I often look at different bits and pieces of information for shares, and I know that a common indicator is the RSI (Relative Strength Index), where I believe it's considered overbought when it goes over 70, and oversold when it goes below 30.

However, I'm a bit curious about how to properly consider the RSI with regards to time period, as, for example, a stock could appear oversold when looking at a period of three months, but not oversold over a shorter period of time. Similar observations are obviously true for some other metrics as well, but I'm especially interested in understanding RSI.

So, how would I know if it actually is oversold or is not, as at this moment in time?

Any suggestions appreciated.

1 Answer 1


Well that will depend on the time frame you are looking at it.

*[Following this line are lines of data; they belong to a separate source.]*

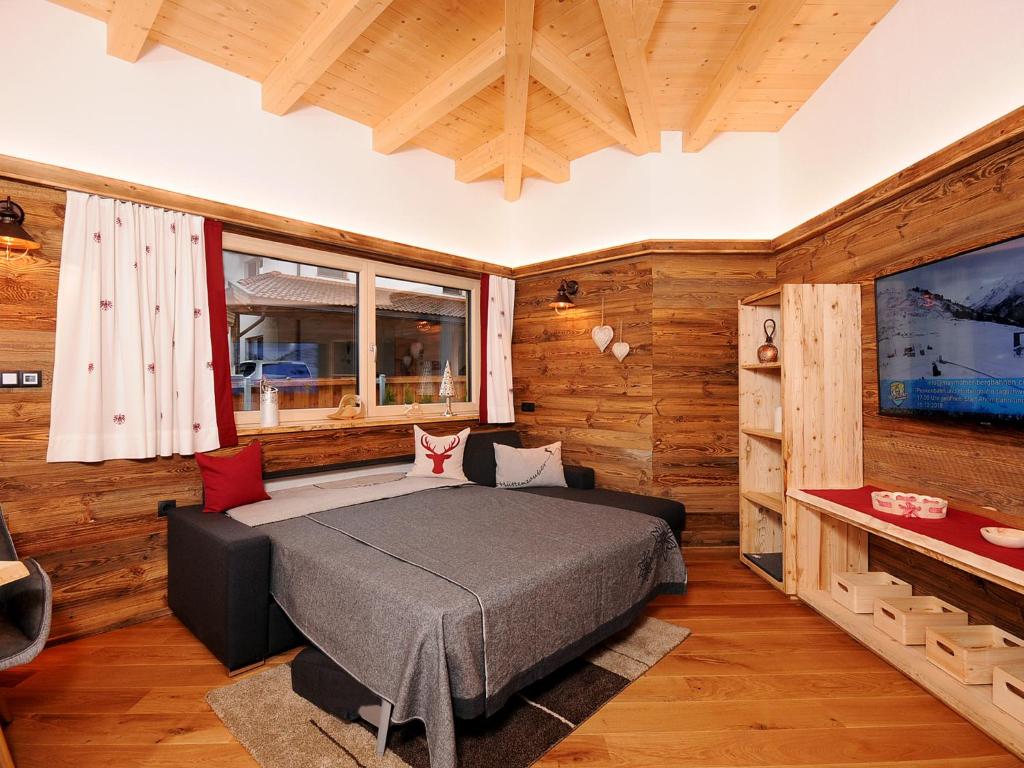een slaapkamer met een bed in een kamer met houten wanden bij Apartment Christian in Mayrhofen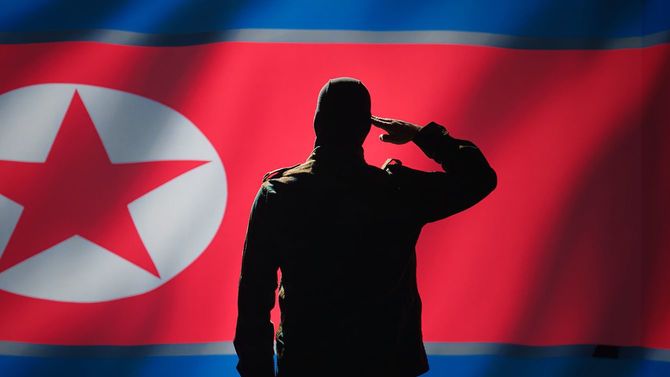 北朝鮮の国旗に向かって敬礼する手のジェスチャーをする秘密諜報員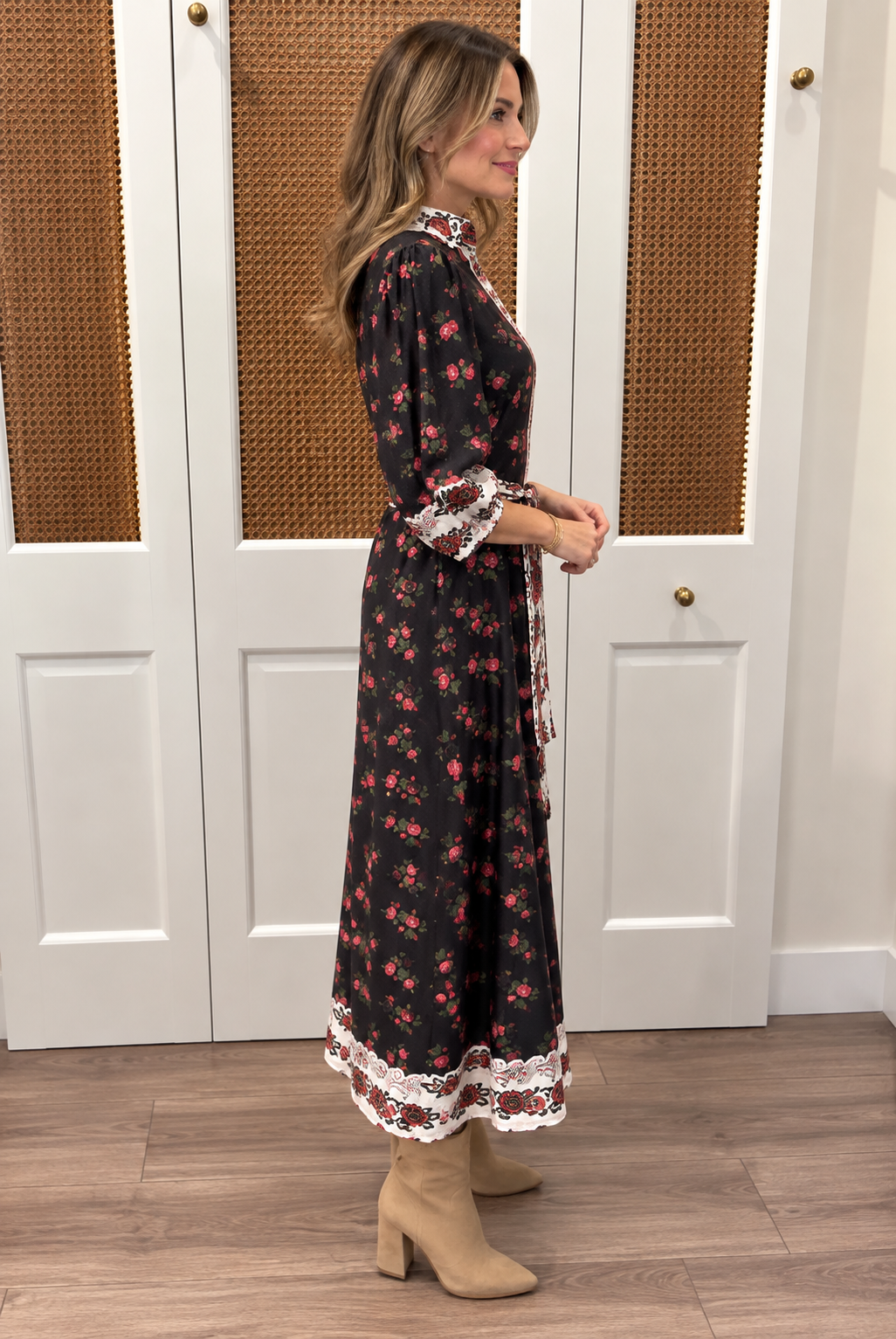 Brooks Dress by Smith & Quinn in Dream Garden — black rose print midi dress with A-line skirt and ivory border hem trim, side view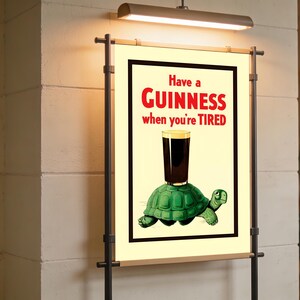 May include: A vintage-style Guinness advertisement poster. The poster features a green turtle with a pint of Guinness balanced on its back. The text reads "Have a Guinness when you're TIRED" in red letters.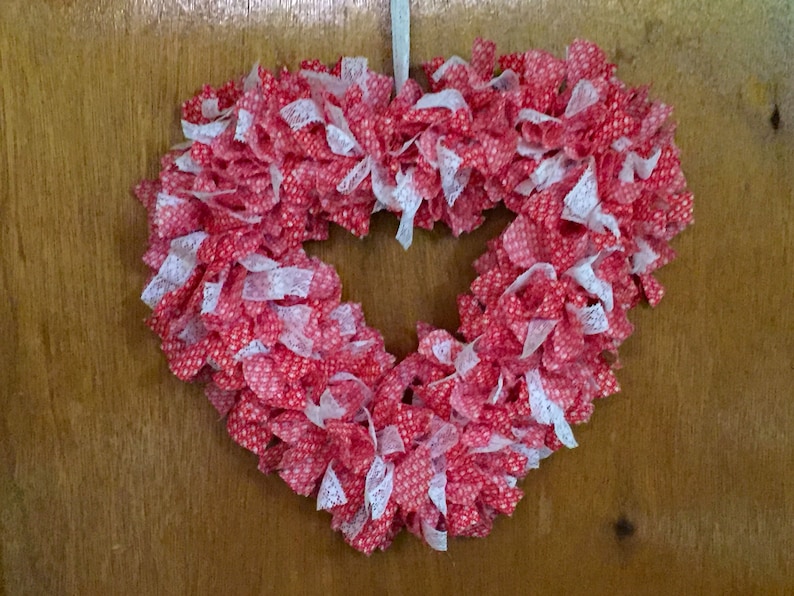 May include: A red and white heart-shaped wreath made of fabric and lace. The wreath is decorated with small white polka dots.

You can't compare the RSI on a five minute chart to the RSI on a daily chart.

The minute chart would represent the momentum of very small trends whilst the daily chart would represent the momentum of much larger trends. On the daily chart the shares might be experiencing a strong uptrend with a rising RSI. During each day the price might move up at the open then come down some, then back up a bit more and repeat this several times during the day before closing higher. During the day the RSI might have moved slightly higher.

But during a single day on the 5 minute chart the price may have gone through several up and down trends, with the RSI going into oversold and overbought several times.

What you should be looking at to strengthen the signal from the RSI is to watch for when the RSI is in the overbought at the same time the price is reaching a peak, or when the RSI is in the oversold at the same time the price is reaching a trout. These could represent potential turning points in price.

The time frame to use would depend on the type of trading you are attempting to undertake. If you prefer day trading (being in and out of a trade in minutes to hours) you might look at time frames of minutes to hours. If you prefer longer term position, trend or swing trading you would probably stick to daily charts. If you prefer longer term active investing you might stick to a combination of daily, weekly and monthly charts.

  • Okay, thank you for your response. I understand what you're saying, which I guess mostly makes sense to me. I suppose, as the acronym implies, it is "relative" strength. I guess I was hoping for some answer that explains how RSI, at some exact point, explicitly determines a stock is oversold/bought.
    – Cheddar
    Oct 23, 2017 at 13:30
  • As per my answer you would check what the price is doing when the RSI is in overbought or oversold. If price has reached a peak and is starting to show signs of weakness (days where the price closes lower than the open) when the RSI is in overbought - this is a sign that the momentum of the uptrend is running out and that prices might retract for a few day. The same thing goes when the RSI is in oversold, except in revers.
    – Victor
    Oct 24, 2017 at 9:34
  • For some reason that comment I understand more easily. Yeah, I get it. Thanks.